Understanding the US-Russia convergence demands more than outrage. It requires self-examination and action. This alignment between Trump’s worldview and Russia’s doctrine is not a historical accident. It is the logical outcome of a world in which multilateralism is ridiculed, institutions are hollowed out, values are dismissed as propaganda - because they were for so long employed without any tangible meaning by politicians - and legitimacy flows not from consensus, but from strength. The result is a fragmented, hierarchical, amoral order—defined by regional dominance and transactional relationships.
In this world, the question is no longer what is right? The question is who decides?
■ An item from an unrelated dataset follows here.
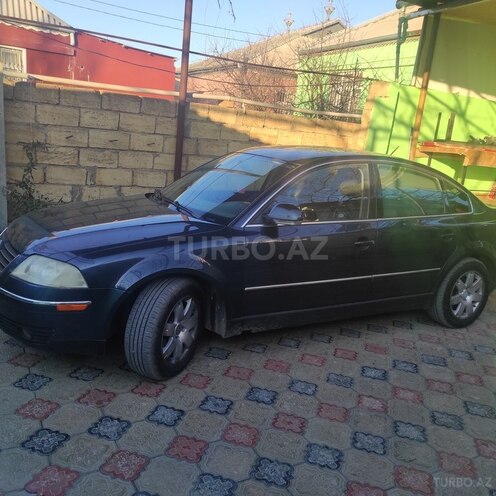 Volkswagen Passat 2004, 330,000 km - 1.8 l - Sumqayıt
Russia predicted this world. Trump accelerated its arrival. And Western democracies—by failing to confront either—have enabled it. These were not fantasies. These were predictions. And we let them come true.
Russia did not conjure this world into being. It saw what the West refused to admit—that the foundations of liberal democracy were already weakening, and that the so-called guardians of the rules-based order had lost the will—and perhaps even the belief—to defend it.
Donetsk Oblast, March 2025. Own photo.
None of this was inevitable. It was a series of choices. We could have acted. We could have defended Ukraine long before the tanks rolled across its borders—before Bucha, before Mariupol was turned to rubble, before the destruction of towns, lives, and memory became routine. We could have treated Ukraine not as a victim to be pitied or managed, but as a sovereign partner to be protected, armed, and integrated. Not out of charity—but because its survival is a test of whether the West still believes in its own ideals.
Americans could have elected a leader who valued truth over grievance, law over impulse, alliances over applause lines. They could have chosen a statesperson. Instead, they chose someone who mocks the very concept of principled leadership and who governs by resentment and spectacle.
Europe could have used the past three years to rebuild its defense industry, reassert its strategic autonomy, and decisively end its dependence on hostile energy sources. Instead, it has spent more money on Russian fossil fuels than on Ukrainian military aid. The continent that claims to stand for peace helped fund the war it claimed to oppose.
We had choices. We could have used pressure over patience. We could have disrupted instead of appeased. We could have destabilised Russia, challenged it, contained it—before it destabilised us. We could have understood that Putin’s regime was not in transition to democracy, but in active revolt against it. We could have abandoned the fantasy that liberalism is history’s endpoint, that every society will eventually want to look like ours—even as large swathes of our own society screamed at us that they wanted something different.
Even now, we could act. We could rearm. We could recommit to the institutions and alliances we took for granted. We could draw real red lines—and mean them. We could begin to defend the future by being willing to sacrifice something in the present.
But we won’t.
Not in this Europe. Not in this America. Not now.
And that is why Russia’s doctrines matter—not because they reveal anything profound about Russia but because they reveal something profoundly devastating about us and the world we now live in.